Amy Rose Deal: 3-on-3 restrictions and PCC typology Peter Jenks: Names as complex indices: On apparent Condition C violations in Thai Laura Kalin and Nicholas Rolle (PhD '18): Deconstructing subcategorization: Conditions on insertion vs. position Edwin Ko: Feeding agreement: Anti-locality in Crow applicatives of unaccusatives

Congrats all!

Nichols colloquium

October 8, 2020

The 2020-2021 colloquium series kicks off this coming Monday, October 12, with a talk by Johanna Nichols (UC Berkeley), held via Zoom. The talk is entitled Proper measurement of linguistic complexity (and why it matters), and the abstract is as follows:

Hypotheses involving linguistic complexity generate interesting research in a variety of subfields – typology, historical linguistics, sociolinguistics, language acquisition, cognition, neurolinguistics, language processing, and others. Good measures of complexity in various linguistic domains are essential, then, but we have very few and those are mostly single-feature (chiefly size of phoneme inventory and morphemes per word in text).
In other ways as well what we have is not up to the task. The kind of complexity that is favored by certain sociolinguistic factors is not what is usually surveyed in studies invoking the sociolinguistic work. Phonological and morphological complexity are very strongly inversely correlated and form opposite worldwide frequency clines, yet surveys of just one or the other, or both lumped together, are used to support cross-linguistic generalizations about the distribution of complexity writ large. Complexity of derivation, syntax, and lexicon is largely unexplored. Measuring the complexity of polysynthetic languages in the right terms has not been seriously addressed.
This paper proposes a tripartite metric---enumerative, transparency-based, and relational---using a set of different assays across different parts of the grammar and lexicon, that addresses these problems and should help increase the grammatical sophistication of complexity-based hypotheses and choice of targets for computational extraction of complexity levels from corpora. Meeting current expectations of sustainability and replicability, the set is reusable, revealing, reasonably granular, and (at least mostly) amenable to computational implementation. I demonstrate its usefulness to typology and historical linguistics with some cross-linguistic and within-family surveys.

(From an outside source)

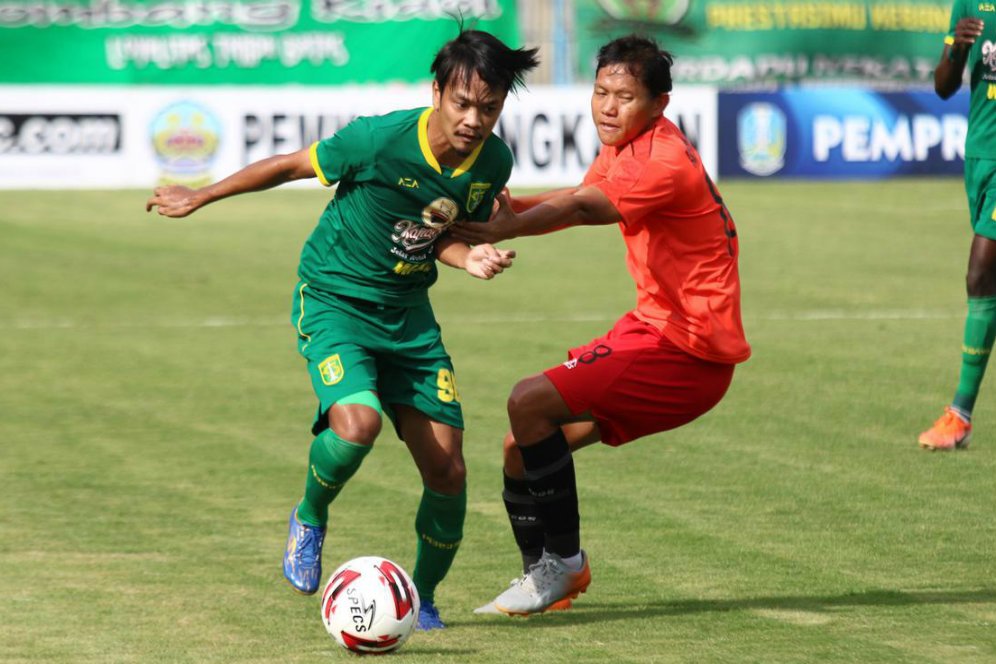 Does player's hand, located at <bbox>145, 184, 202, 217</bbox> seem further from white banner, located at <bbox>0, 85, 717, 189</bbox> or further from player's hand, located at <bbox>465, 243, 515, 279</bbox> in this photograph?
white banner, located at <bbox>0, 85, 717, 189</bbox>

Hyman chapter on prosodic domains in Lusoga

September 9, 2020

Congratulations (again!) to Larry Hyman, whose chapter "In search of prosodic domains in Lusoga" has appeared in the (open access) book Syntactic architecture and its consequences, vol. 1: Syntax inside the grammar (2020), edited by András Bárány, Theresa Biberauer, Jamie Douglas, and Sten Vikner.

Hyman in Festschrift for Akinbiyi Akinlabi

September 7, 2020

Congratulations to Larry Hyman, whose chapter "Possessive tone in Tswefap (Bamileke): Paradigmatic or derivational?" has appeared in African Languages in Time and Space: A Festschrift in Honour of Professor Akinbiyi Akinlabi (2020), edited by Eno-Abasi Urua, Francis Egbokhare, Oluseye Adesola, and Harrison Adeniyi.